Australia’s central bank said resource investment is also helping the economy ride out Europe’s sovereign-debt crisis. The Reserve Bank of Australia lowered borrowing costs Dec. 6 because of the “non-trivial possibility of a very sharp contraction” in Europe, according to minutes of the meeting released today.
The median estimate of 79 economists surveyed by Bloomberg called for a gain in U.S. housing starts to a 635,000 rate from a previously reported 628,000. Projections ranged from 600,000 to 655,000. The Commerce Department revised the October reading down to 627,000.
The November results compare with last year’s overall tally of 587,000 starts, the second-fewest on record. Home construction totaled 554,000 units in 2009, the lowest since record-keeping began in 1959.
More Permits
Permits increased to a 681,000 annual pace in November, the highest level since March 2010. They were projected to fall to a 635,000 rate from 644,000 the prior month, according to the survey median. Applications for the construction of single- family homes climbed 1.6 percent, and those for multifamily units jumped 14 percent.
New construction of single-family houses rose 2.3 percent from the prior month to a 447,000 annual rate, the most since June. The category is heading for a record low this year at around 423,000, about 10 percent less than in 2010, according to Bloomberg News calculations. The worst year so far in five decades of data was 2009, when 445,100 homes were started.
The industry is being buoyed by work on multifamily units, which surged 25 percent in November to an annual rate of 238,000, the highest level since September 2008. Apartments and other multifamily dwellings are gaining ground as foreclosures turn more Americans into renters.
‘Mini Boom’
“Multifamily construction is experiencing a mini boom as Americans shift from buying to renting,” said Ryan Sweet, a senior economist at Moody’s Analytics Inc. in West Chester, Pennsylvania. “Homebuilders still compete with a glut of cheaply priced foreclosed homes, but their own inventory is nearing historic norms in relation to sales.”

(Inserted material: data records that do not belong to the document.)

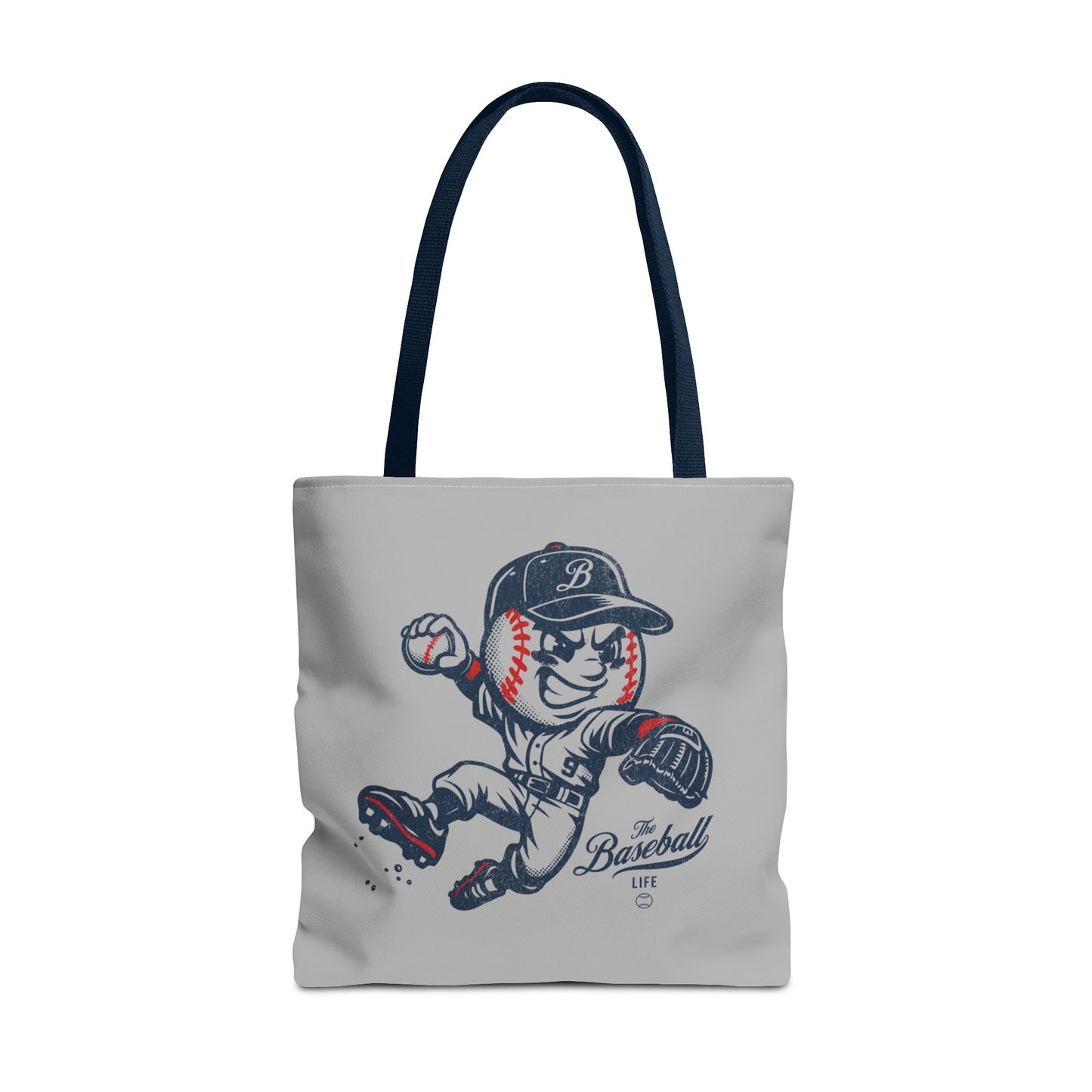 Mr. Baseball Mascot Leaping Throw Tote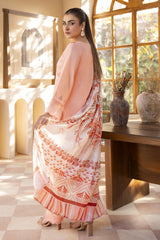 Meemzey - Ready To Wear 3 pc Lawn Embroidered Suit - MZ-1023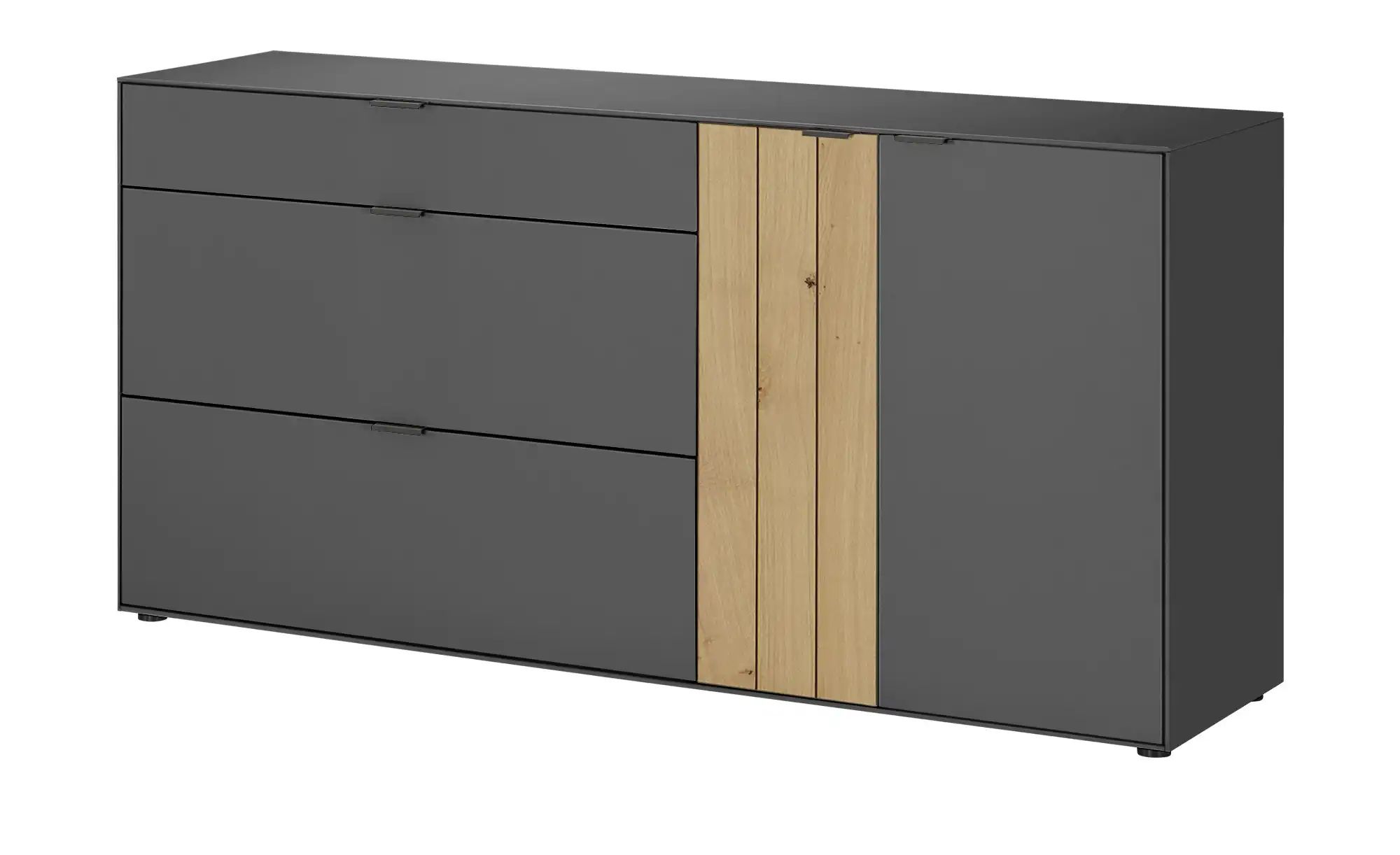 Jette Home Sideboard  Como ¦ grau ¦ Maße (cm): B: 182 H: 88 T: 46 Kommoden günstig online kaufen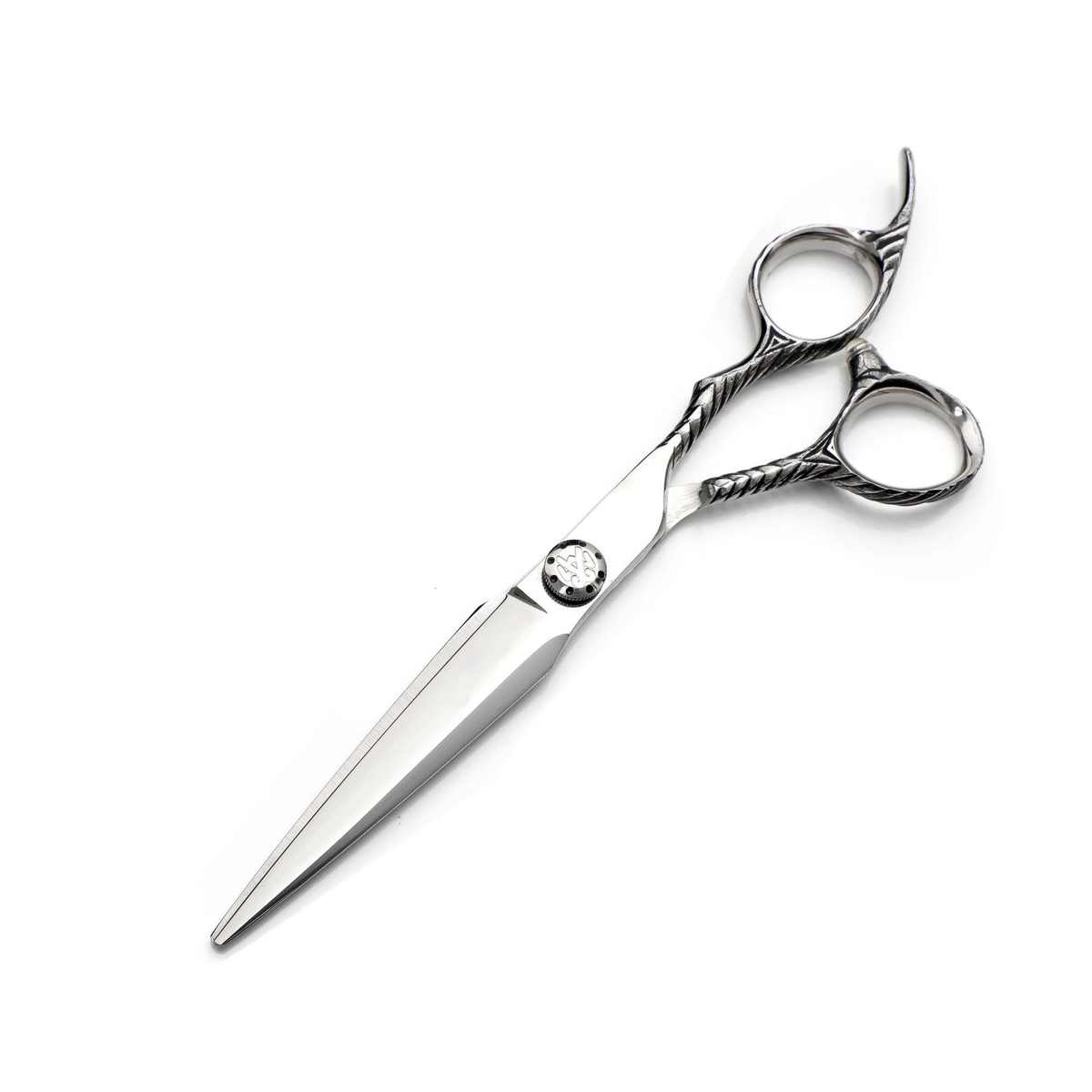 专业美发剪刀 7寸徒手剪 干湿两用平剪刀大切口发型师理发剪刀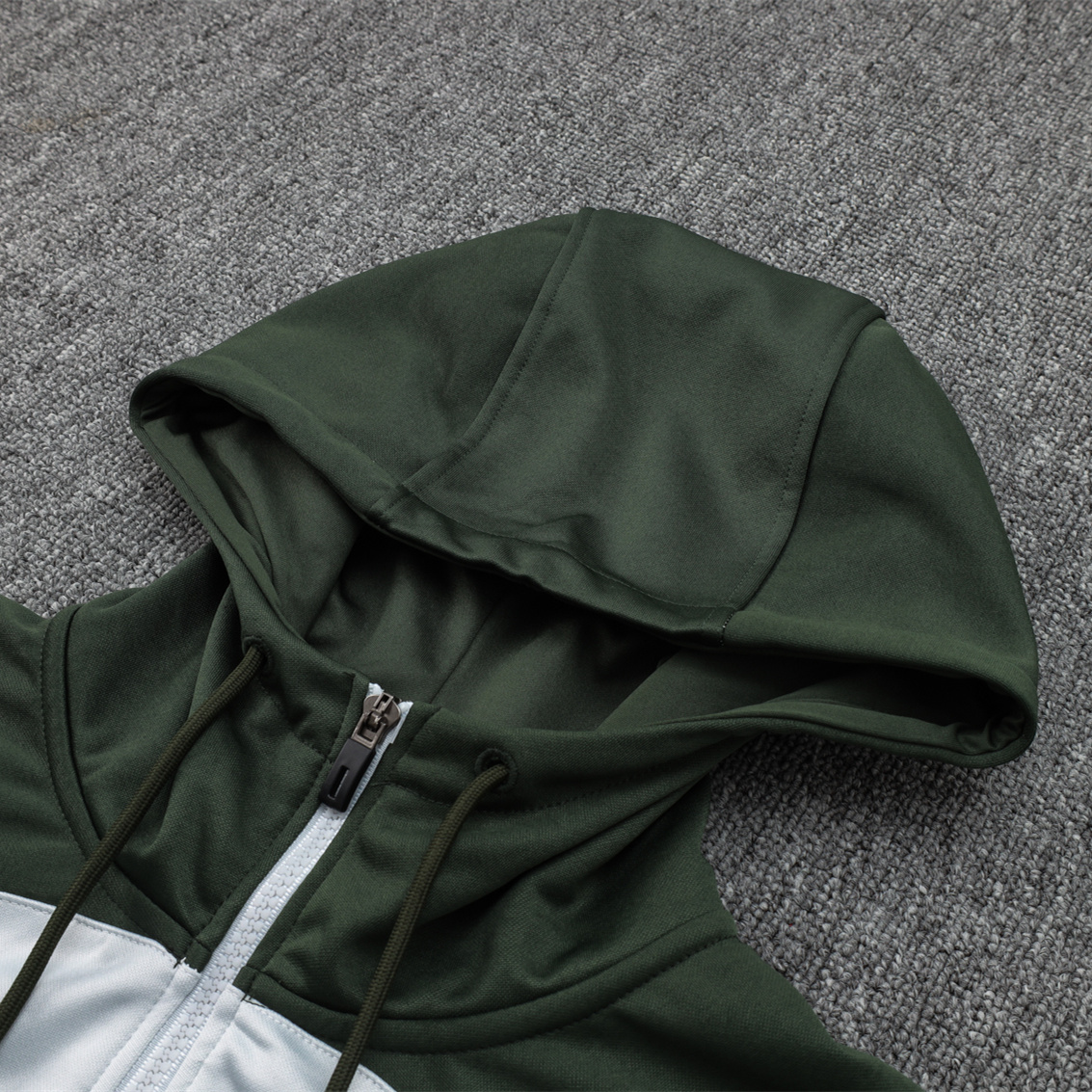 B.A.R.S.A 23-24 Men's Training Hoodie + Pants - Light Grey - UnitedFutballJersey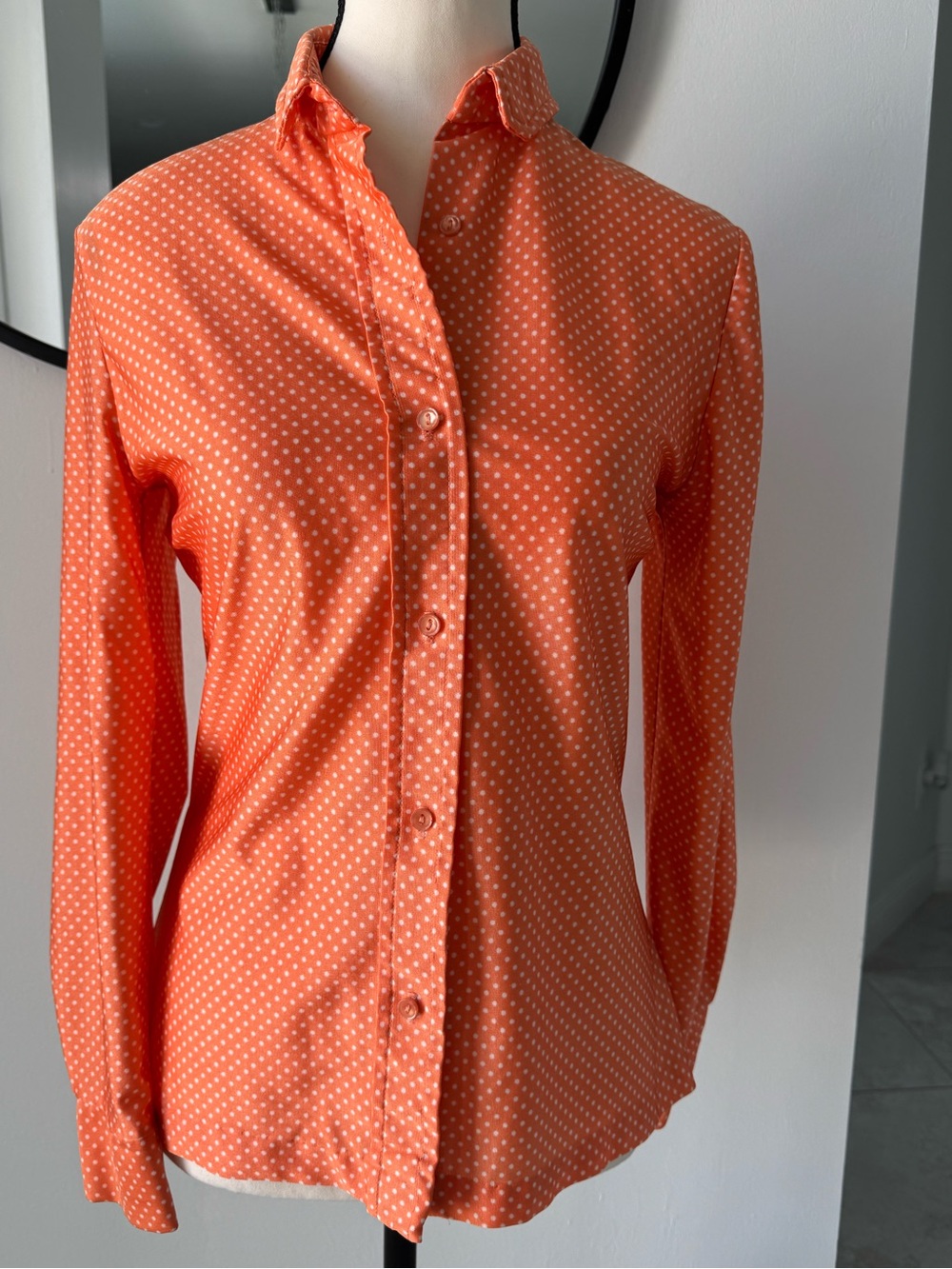 Vintage 70s polka dot Loubella extendable top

Three of four regions had a November increase in starts, led by a 54 percent jump in the Northeast and a 23 percent gain in the West. Starts fell 18 percent in the Midwest.
Purchases of new houses rose 1.3 percent in October, as discounted prices lured in some buyers, Commerce Department figures show. Sales of previously owned homes, which now make up about 94 percent of the market, increased 1.4 percent that same month, according to the National Association of Realtors.
The Obama administration this month started a new version of the federal Home Affordable Refinance Program, or HARP, after the original program helped less than a quarter of the people targeted to lock in lower mortgage rates.
Fed Policy
Federal Reserve policy makers reiterated at a meeting this month that they will keep the benchmark interest rate near zero until at least 2013. The central bank in September decided to reinvest maturing housing debt into new mortgage-backed securities instead of Treasuries.
Some policy efforts may be contributing to signs of improvement in the housing market. A report yesterday showed the National Association of Home Builders/Wells Fargo index of builder confidence rose in December for a third straight month, to 21, the highest level since May 2010. Readings below 50 mean more respondents said conditions were poor.
“November is a time that historically sales slow down,” Larry Sorsby, chief financial officer at Hovnanian Enterprises Inc. (HOV), said in a Dec. 15 call with analysts. “And this year we’ve not seen as dramatic a slowdown as we have in recent prior years. The market feels a little bit better than we would have expected.”